Here, we have reviewed the entire record on appeal and found no arguable issues.”
Miller said in Gallo:
We agree with Flores that dismissal is discretionary, and that we can and should independently review the record on appeal in the interests of justice.
Having reviewed the record, the denial of resentencing was affirmed because the appellant had been the actual killer, ineligible for relief.
Justice Carol D. Codrington signed Miller’s opinion. Justice Frank J. Menetrez dissented, saying:
“No matter how small the record in this case may be, it in no way serves the interests of justice for us to read it to try to find arguable grounds for reversal, just as it would not serve the interests of justice for us to read the record searching for ways to square the circle or turn lead into gold or get blood from a stone….[W]e know without reading the record that it is legally impossible that reversible error was committed in this case. Consequently, reading the record to try to find arguable grounds for reversal serves no legitimate purpose and is undeniably a waste of judicial resources.”
On Dec. 22, 2020, Div. Two expressed the view, in a majority opinion by Raphael in People v. Scott, that “[t]his case is a typical example of a post judgment appeal that could be dismissed as abandoned by a simple order.” On the face of it, the appellant was ineligible for resentencing, he explained, commenting:
“We are obligated to serve the public, and independently reviewing records to craft unneeded opinions in uncontested cases does not do so. Our court system is heavily burdened, but by choosing to issue scores of opinions in cases like this one we are the ones doing the burdening. That burden falls on other litigants.”
Raphael was joined by Menetrez. Miller, the acting presiding justice, dissented from the order of dismissal. , although he said he had independently reviewed the record before determining that the judgment should be affirmed.
The California Supreme Court on March 17, 2021, granted review.
The Supreme Court has granted review in a number of cases other than Scott which raise the same issue. These include the earlier case of People v. Cole, decided by this district’s Div. Two on Aug. 3, 2020.
Justice Brian M. Hoffstadt wrote that where there is an appeal from a post judgment order, “[t]he Court of Appeal has no independent duty to review the record for reasonably arguable issues” and where “the defendant does not file a supplemental brief, the Court of Appeal may dismiss the appeal as abandoned.”
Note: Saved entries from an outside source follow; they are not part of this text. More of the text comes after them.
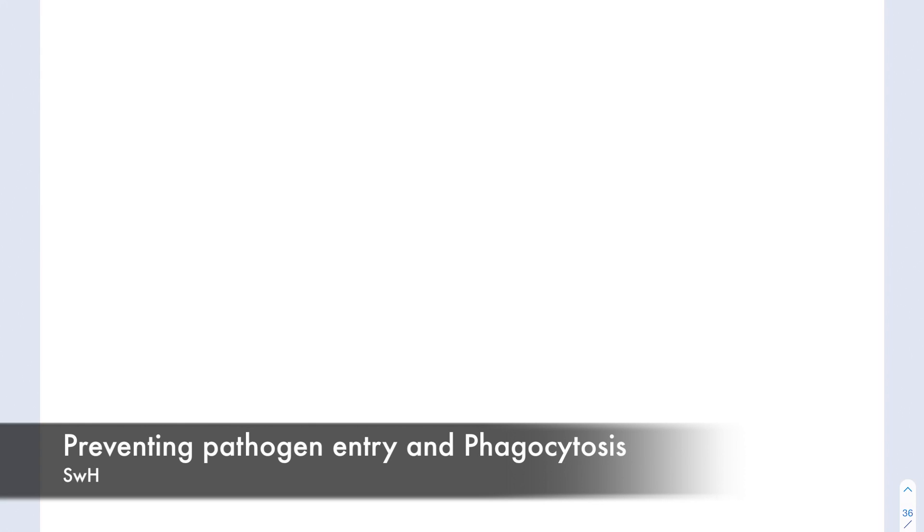In this A-level IB biology video, we're looking at an introduction into defense against infectious disease. So really in today's video, we're going to be looking at how we prevent pathogen entry, and then the first line of defense, which is phagocytes.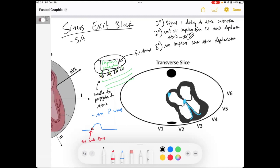Remember, those intrinsic cells of the node itself that create the initial impulse work well in sinus exit block, but the fibers propagating the signal into those atrial cardiac cells capable of contracting aren't working. Those are our degrees of SA node exit blocks. The best way to evaluate this is in the electrophysiology lab, but it is important to understand this concept and be able to identify it on the EKG.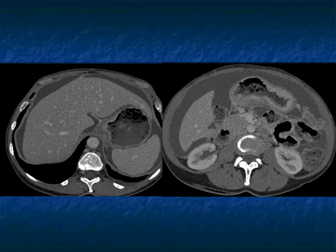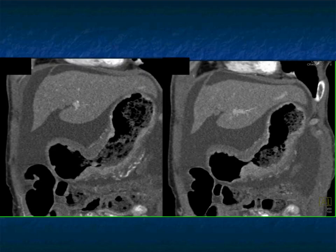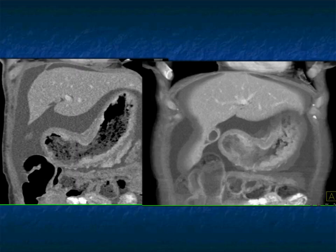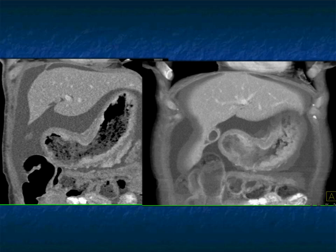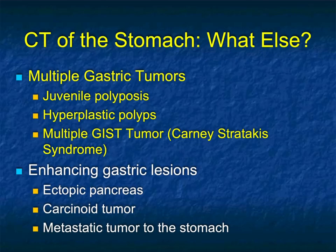Linitis plastica typically involves the entire stomach — the stomach does not distend, the tumor is infiltrating. You can get linitis very focal, but most of the time it involves nearly the entire stomach. Here's a very nice 3D view and volume-rendered view showing the coronal plane with the infiltration. The differential to me is adenocarcinoma versus metastasis. If the patient had breast cancer that would help me. Linitis plastica is classically metastatic breast cancer, but it's also one of the appearances of gastric adenocarcinoma.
The Third District Court of Appeal followed Hoffstadt’s approach in its Feb. 22, 2021 decision in People v. Figueras
In People v. Weisner, a Third District case decided last April 4, Justice Harry E. Hull Jr. took a different stance. He said in the majority opinion:
“Once we hold an appeal from a denial of postconviction relief is not subject to Wende review, we then have before us a ‘standard’ appeal from an order denying postconviction relief in which defendant, through counsel, has stated there are no issues that properly can be raised on appeal Under these circumstances, the appeal is abandoned and we will dismiss it.”
Unlike the circumstance where Wende applies, he continued, where the inmate has a right to offer his or her own brief, no such right exists in a non-Wende context, Hull set forth, explaining that “neither the Sixth Amendment nor the due process clause of the Fourteenth Amendment to the federal Constitution furnishes a basis for finding” a right of self-representation on appeal.
“The issues we here consider are pending before our Supreme Court and the court may in the future extend what have become known as ‘Wende procedures’ to appeals such as this one from orders denying postconviction relief. But it must be left up to that court to do so,” he wrote. “Until it does, appeals such as the one presently before us must be considered abandoned and ordered dismissed.”